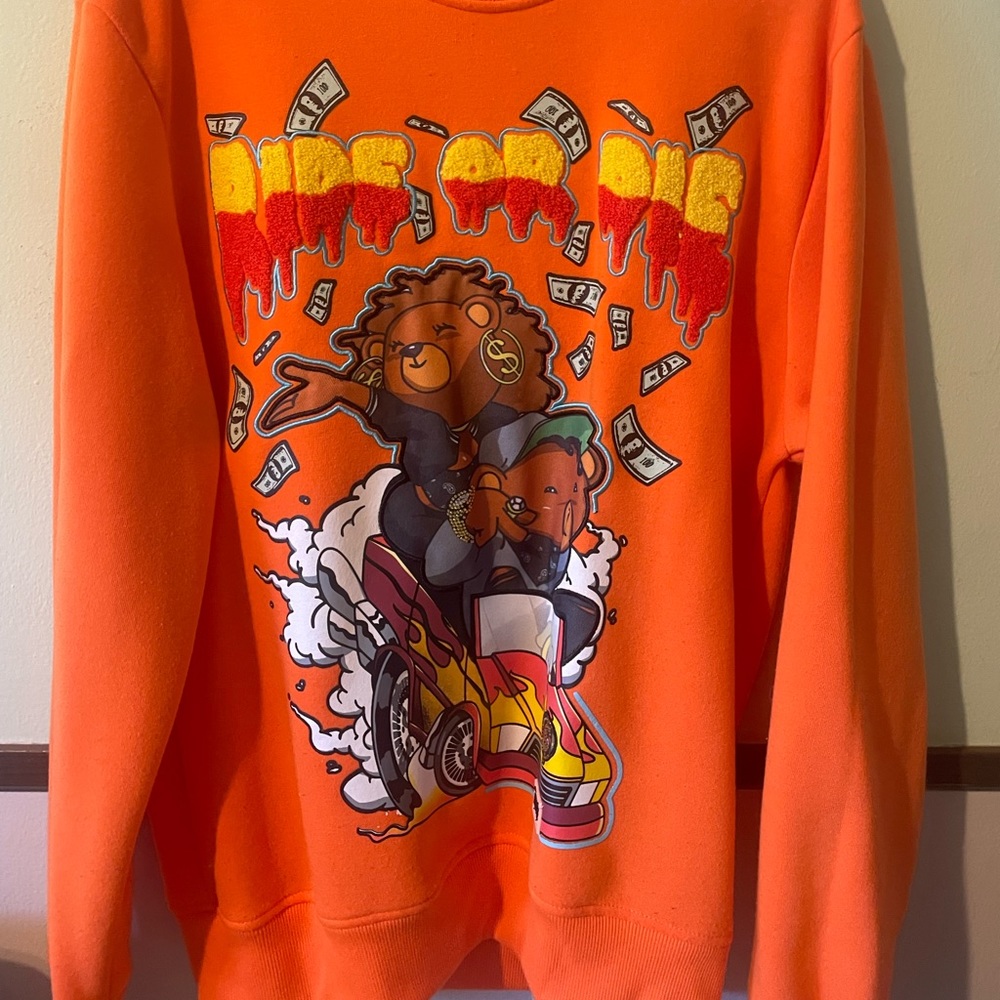 Orange ride or die fat guap crewneck size men’s small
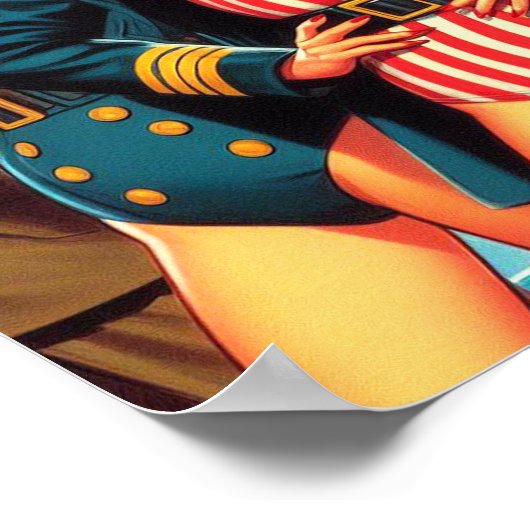 Vintages Pilot-Button Poster (Ecke)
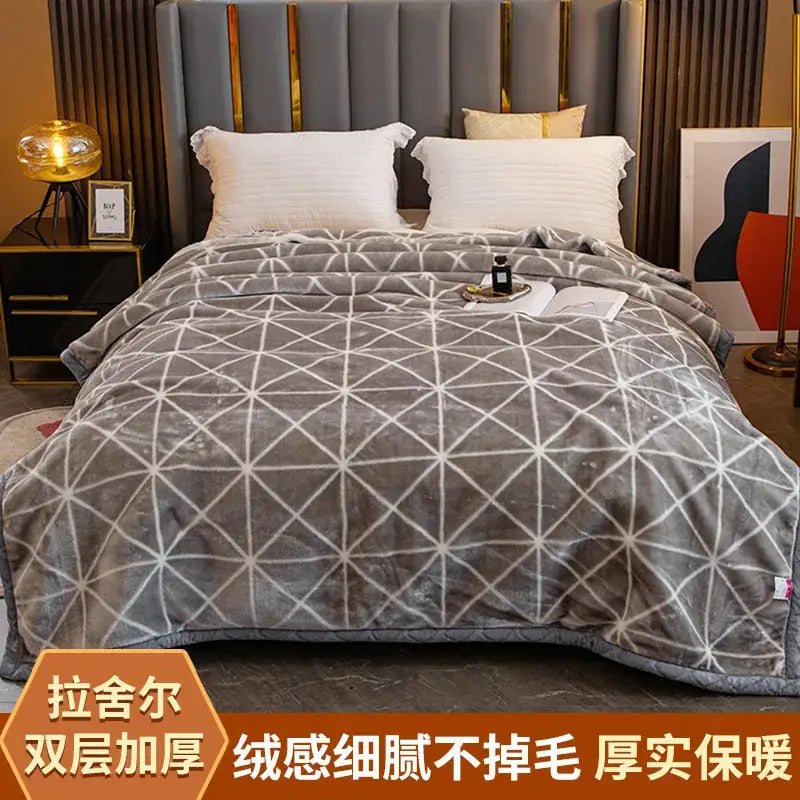 Gray plush raschel blanket with white geometric lattice pattern for decorbites winter raschel bedroom throw decor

• **What you are asked to do**
Restate the whole of the material word for word without the pictures.

• **Solution to this problem**
 Orange ride or die fat guap crewneck size men’s small
 Vintages Pilot-Button Poster (Ecke)
 Gray plush raschel blanket with white geometric lattice pattern for decorbites winter raschel bedroom throw decor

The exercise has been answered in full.